Non c’è senso eppure ogni cosa avviene come se ci fosse. Tutto prende forma secondo questa assurdità. Tutti obbediscono a questa idiozia. Tutti credono che esiste uno scopo per ogni cosa, solo perché vi sono pochi eletti che lavorano per la verità e per dio. Ma dove sono questi prescelti? In mezzo a noi? E dove più esattamente? Perché non è possibile incontrare nemmeno questi? Perché i loro responsi sono imperativi, comandi, leggi a cui non è possibile sottrarsi? Perché sono così importanti nella vita di ognuno di noi, quando invece sono sempre fisicamente assenti dalla nostra vita? Perché tutto non può stare diversamente? Perché noi non possiamo essere diversamente?
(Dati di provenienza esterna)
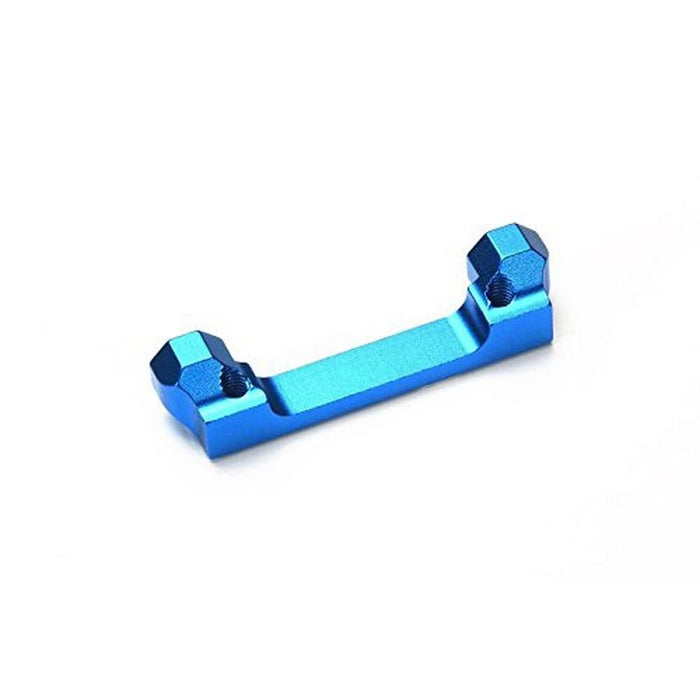 Tamiya Xv-01 Aluminum Suspension Mount Xj 54379 Durable Upgrade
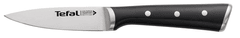 Tefal Ice Force nož za rezanje iz nerjavečega jekla, 9 cm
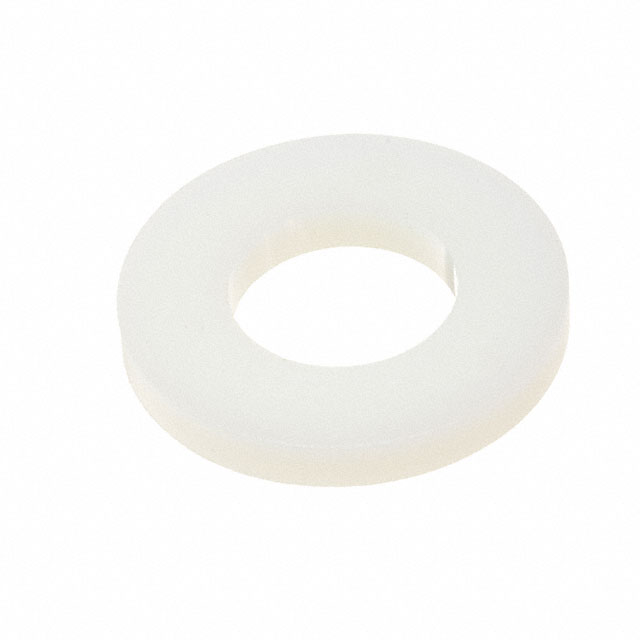 FLAT WASHER, .509 ID, 1.000 OD,
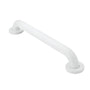 Home Care 24" Grab Bar with 1-1/2" Diameter Bar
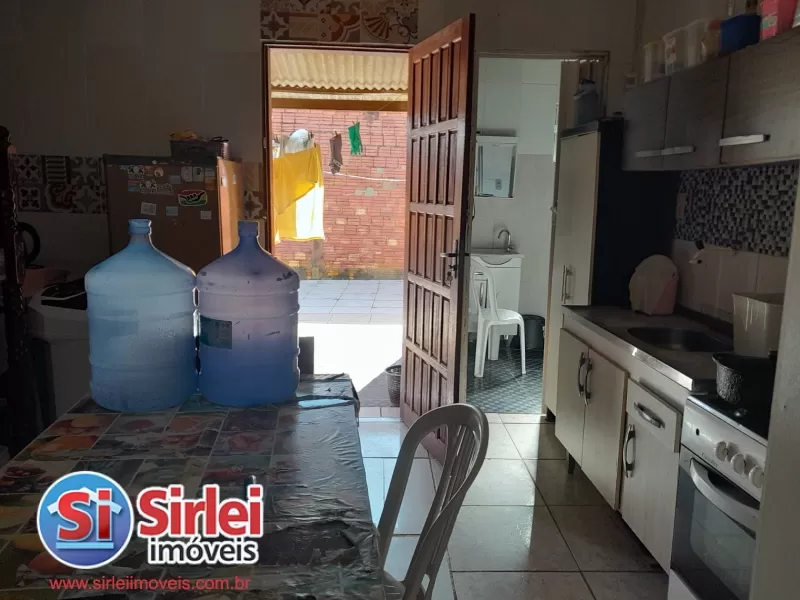 Balneário Pinhal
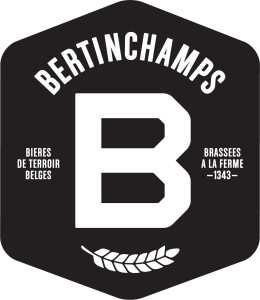 Bertinchamps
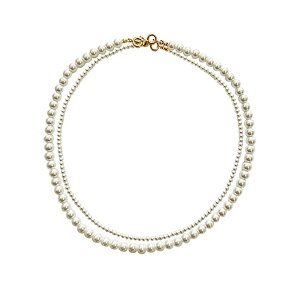 yz[SATPULOT] p[ lbNX O fB[X  p[eB w    S[h ANZT[ tH[} Ă΂ v[g Mtg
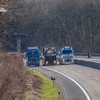 Norman Lichy Transporte pow... - Norman Lichy Transporte, Essen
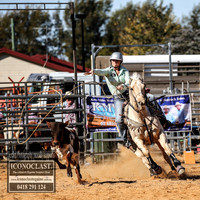 GrenfellRodeo2018_1208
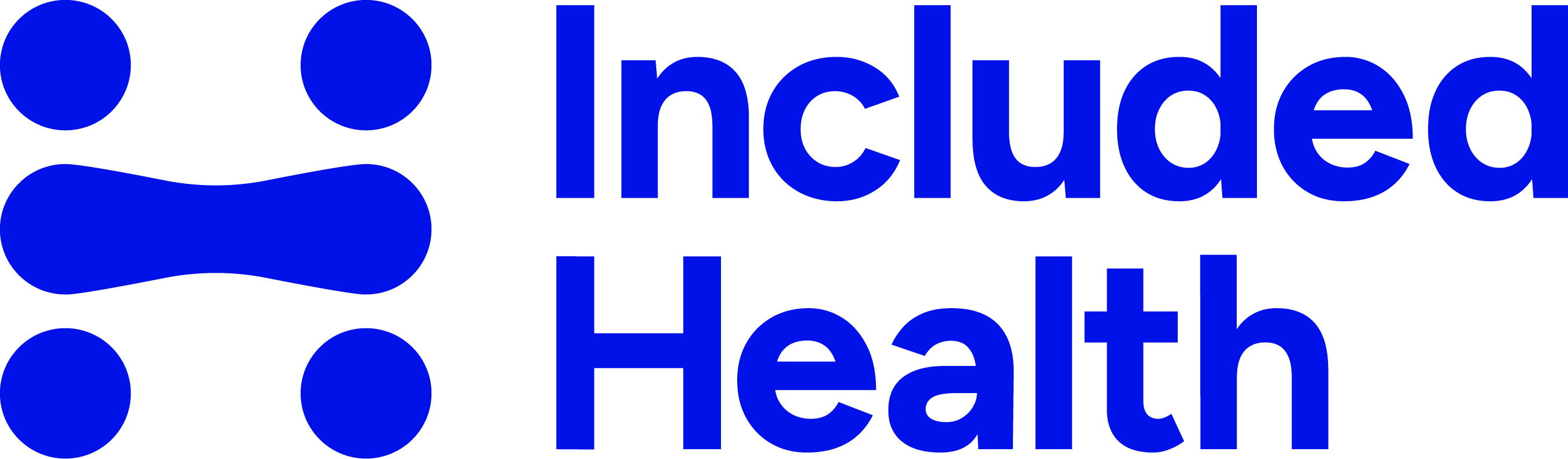 IncludedHealth_Logo_2026_Blue_Screen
Perché a nessuno di noi è consentito da tutti gli altri essere diverso? Perché non è possibile dedurre che il Castello, la verità, dio non esistano? A che pro continuare a sostenere il contrario? A che serve?
Queste domande, celate dietro Il castello, sono la lente d’ingrandimento di cui Kafka ci ha voluto fornire per guardare alla nostra condizione esistenziale e a quella planetaria, continentale, statale, sociale, individuale. Per ogni livello dell’esistenza, noi erriamo come estranei a noi stessi. “Perché così e non altrimenti?” – si chiede Kafka. La risposta…spetta ad ognuno di noi.